Возможно, у подножья горы в Вильнюсе на самом деле стоял языческий храм, но он мог быть единственным на всю страну. Говорят, почти все вильнюсские костелы построены на местах святилищ: там, где высится прекрасный костел свв. Петра и Павла в стиле барокко, почитали богиню любви Милду; там, где стоит Пятницкая церковь — бога пьянства Рагутиса, этакого литовского Диониса, и так далее. Но все это — россказни Нарбута и других романтиков. В городе Гедимина — деревянном, местами глинобитном — вероятно, был не только замок или замки, но и сакральные места — святые источники и рощи. Первого миссионера, посетившего этот край, святого Адальберта, убили как раз потому, что он неосторожно забрел в такую рощу (задолго до времен Гедимина и даже Миндовга). В Вильнюсе хранят память и о других христианских мучениках — и католических, и православных, — убитых язычниками; но, скорее всего, это просто легенды. Христиане должны были чувствовать себя безопасно в языческой столице — ведь в письмах Гедимина говорится, что в городе есть францисканский и доминиканский храмы, в которых верующие могут поклоняться своему Богу. Один из этих храмов сохранился, хоть и перестраивался множество раз. Это костел св. Николая в уединенном уголке старого города — образец примитивной, но уютной готики, с ритмичным фронтоном, таинственный, очаровывающий покоем и тишиной. Когда входишь вовнутрь, под низкие звездчатые своды, кажется, что ты попал в шкатулку или в футляр. Костел впервые упомянут при внуках Гедимина, но уже тогда он был каменным и старой постройки.

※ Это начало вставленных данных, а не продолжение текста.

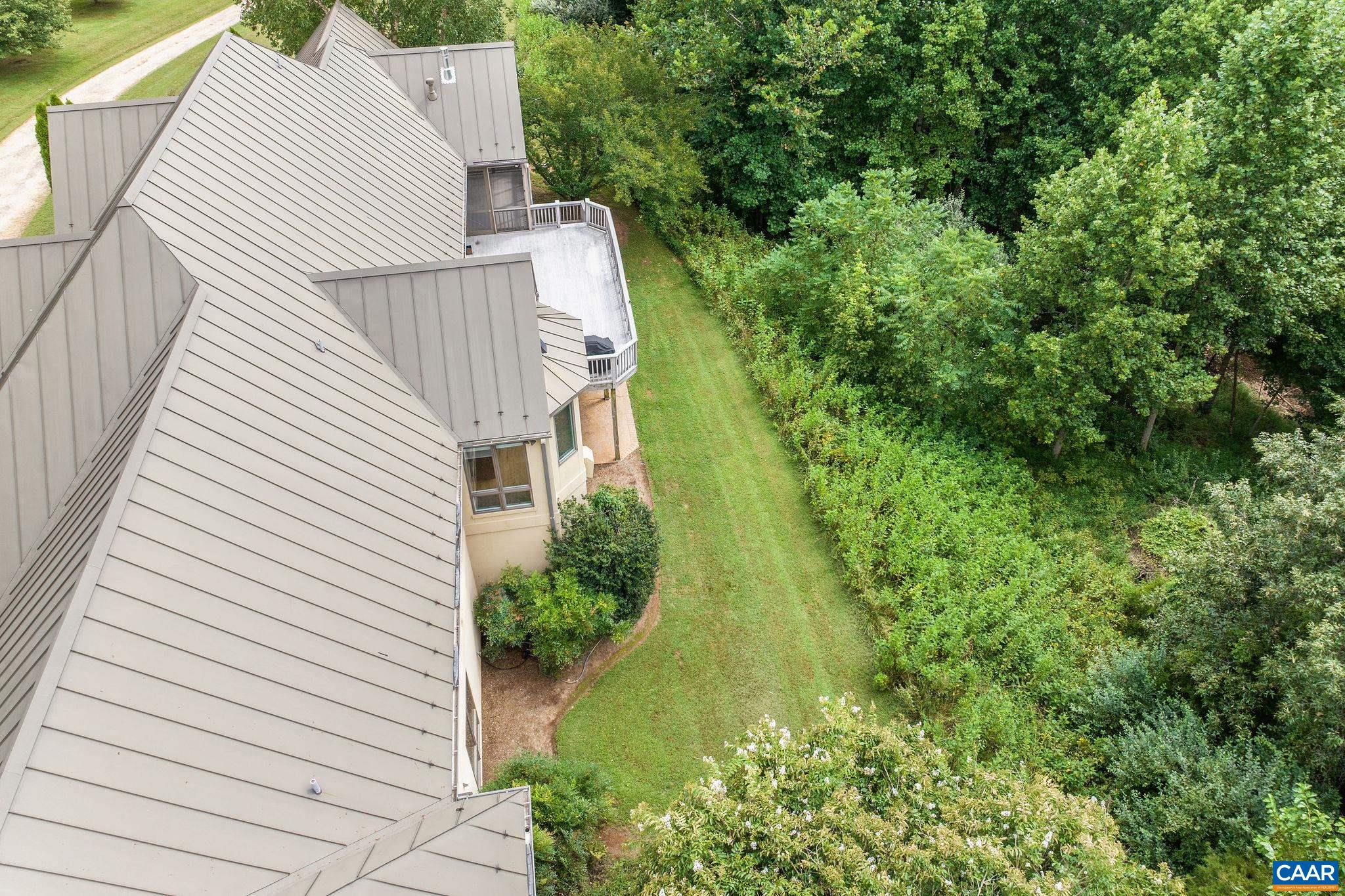 2940 MILTON VILLAGE LN
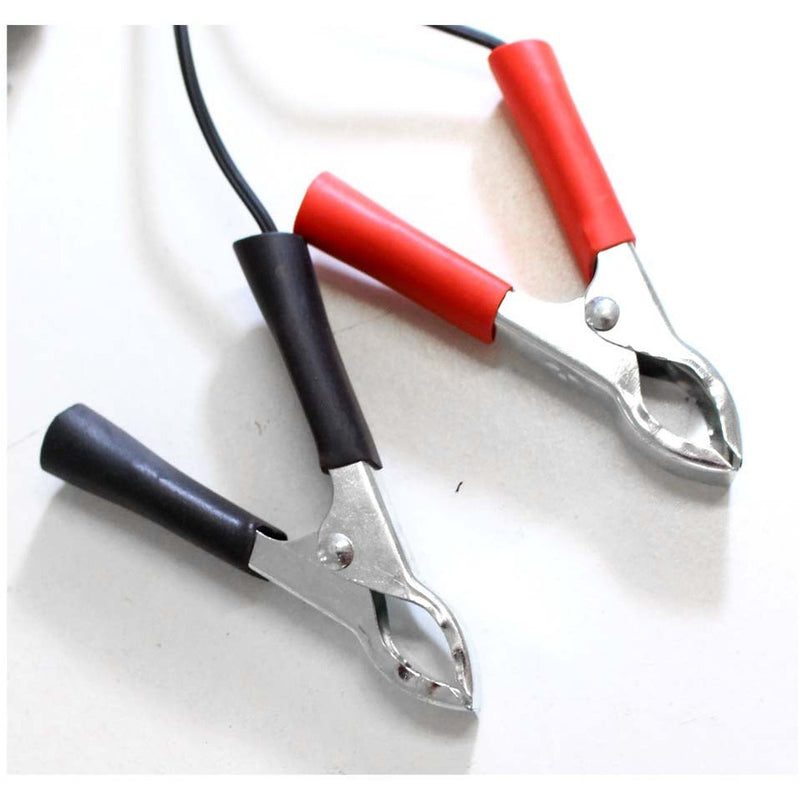 12 VOLT REPAIR LIGHT FOR CARS - TA-07175 - ToolUSA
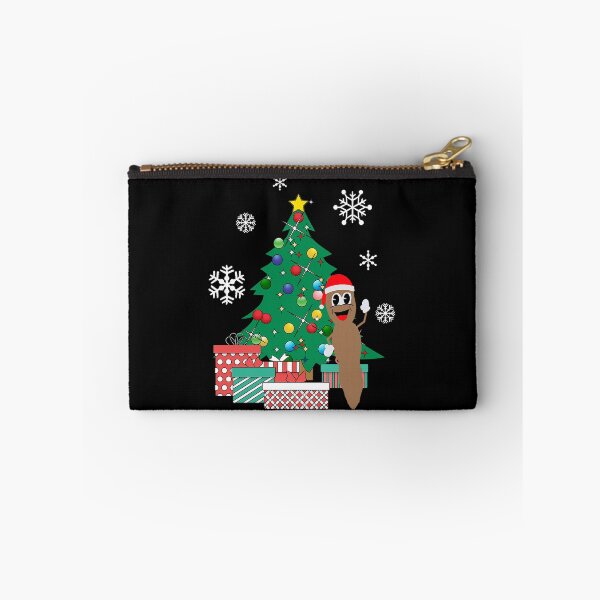 Item preview, Mr Hankey Around The Christmas Tree South Park designed and sold by ali-satyh.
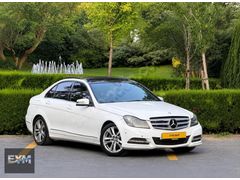 EYM DEN DÜŞÜK KM 1.6 7G TRONİC İÇİ BEYAZ DIŞI BEYAZ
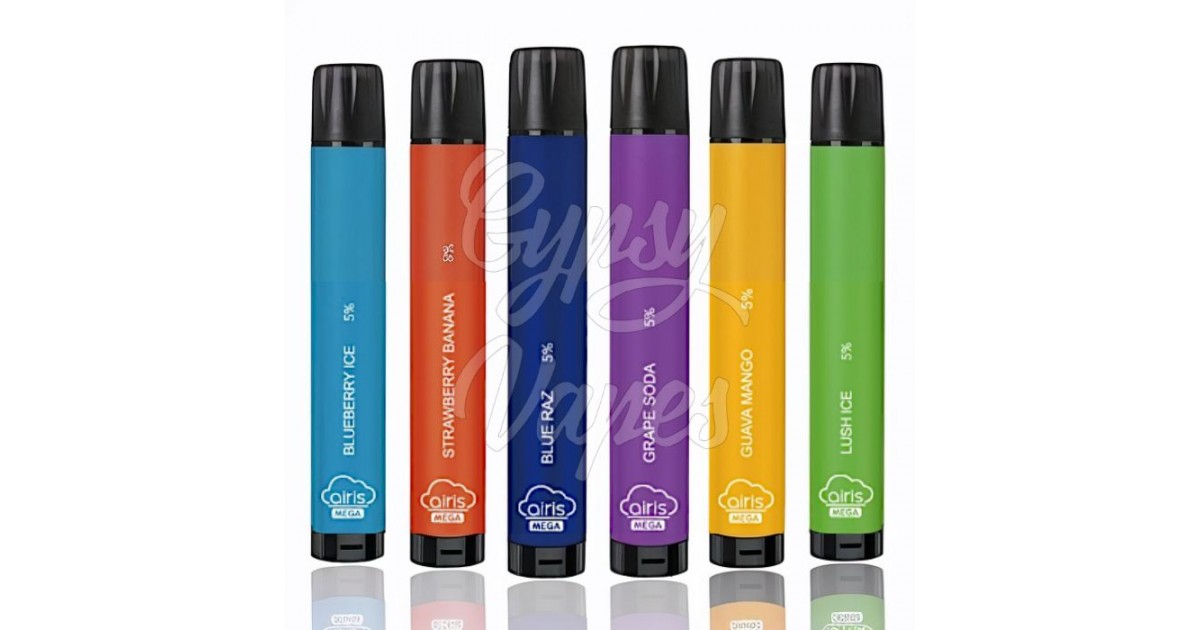 2 tank vape Geek Vape Z Fli 2 Tank | Vaping Atomizers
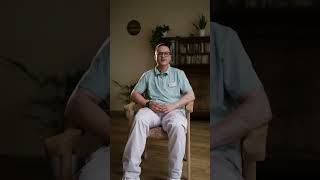 Katharinenhof Am Lunapark In Leipzig Interview Auszubildende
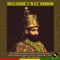 Prayer - Chronixx lyrics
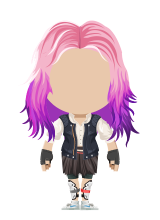 reahysel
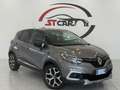 Renault Captur 1.5 dci Initiale Paris 110cv Gris - thumbnail 3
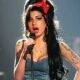 Amy Winehouse. Un suflet sensibil, distrus de faimă și de iubire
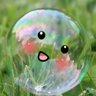 Profilbild von Faylinn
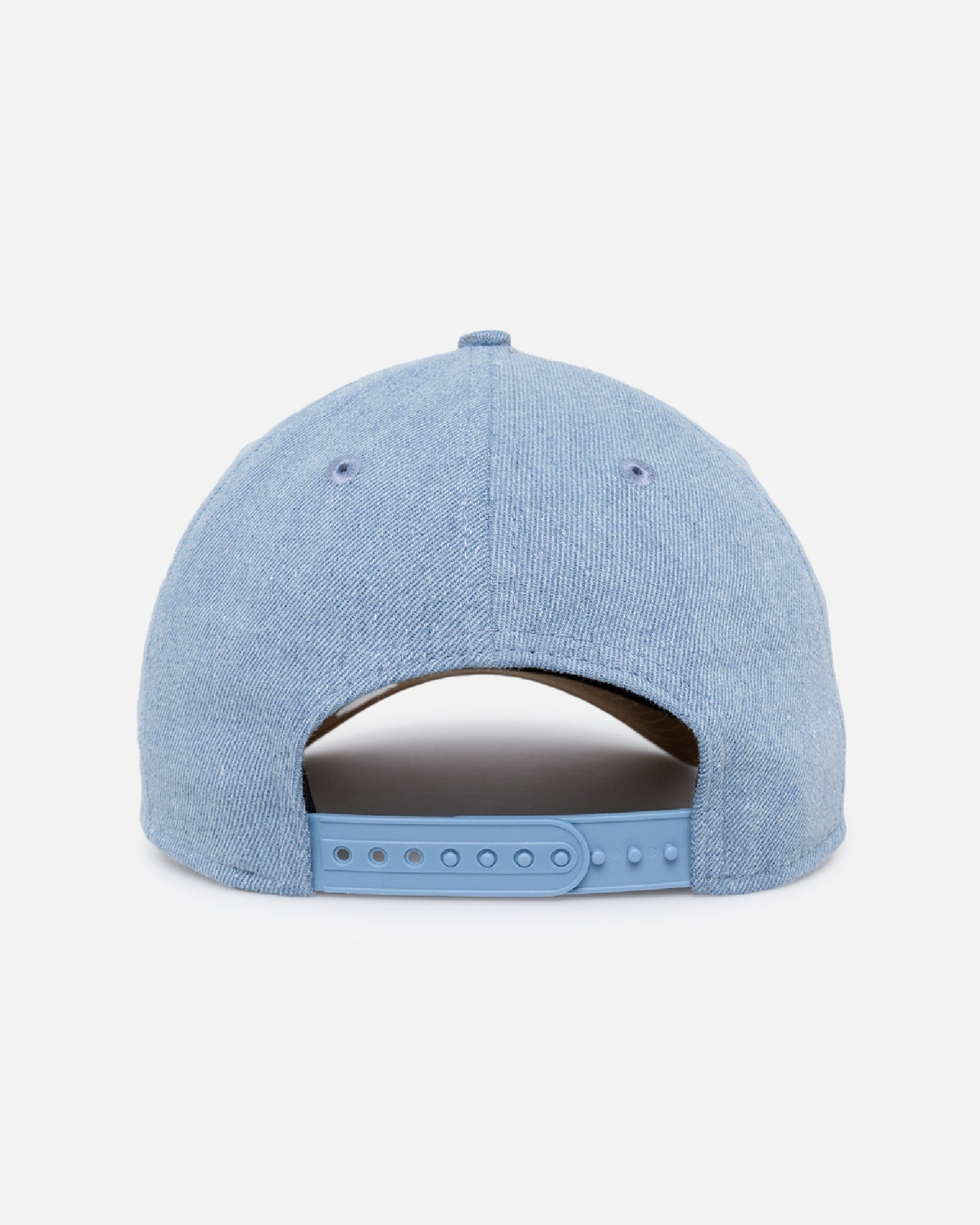 New Era New York Yankees &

Вполне вероятно, что во времена Гедимина создавался более сложный языческий культ, который впоследствии освятил бы это странное государство; но в окружении христианских соседей у него, конечно, не было шансов. Правители скорее склонялись к православию — их соблазняла возможность своим скипетром объединить все восточно-славянские земли. Вильнюс соревновался с Москвой: сын Гедимина Ольгерд (Альгирдас) три раза нападал на этот город, дошел до самого Кремля, но москвичи всегда откупались. Иначе говоря, судьба Восточной Европы могла повернуться неожиданным образом — Москва осталась бы второстепенным городом, каким тогда и была, а Вильнюс занял бы ее историческое место. Но оставим такие альтернативные сценарии там, где полагается — в области фантазий. Историческую битву выиграла Москва, превратившаяся в великий город с сомнительной репутацией, с которым мы сейчас знакомы. Она завоевывала Вильнюс несколько раз. В любом случае карта Восточной Европы при потомках Гедимина очень отличалась от современной. Одна из сцен прославленной драмы Пушкина «Борис Годунов» происходит «в корчме на литовской границе». Я иногда прошу своих студентов-славистов показать на карте, где стояла эта корчма. Все ищут ее там, где граница проходит сейчас — то есть километров за тридцать от Вильнюса. На самом деле она была километрах в ста от Москвы.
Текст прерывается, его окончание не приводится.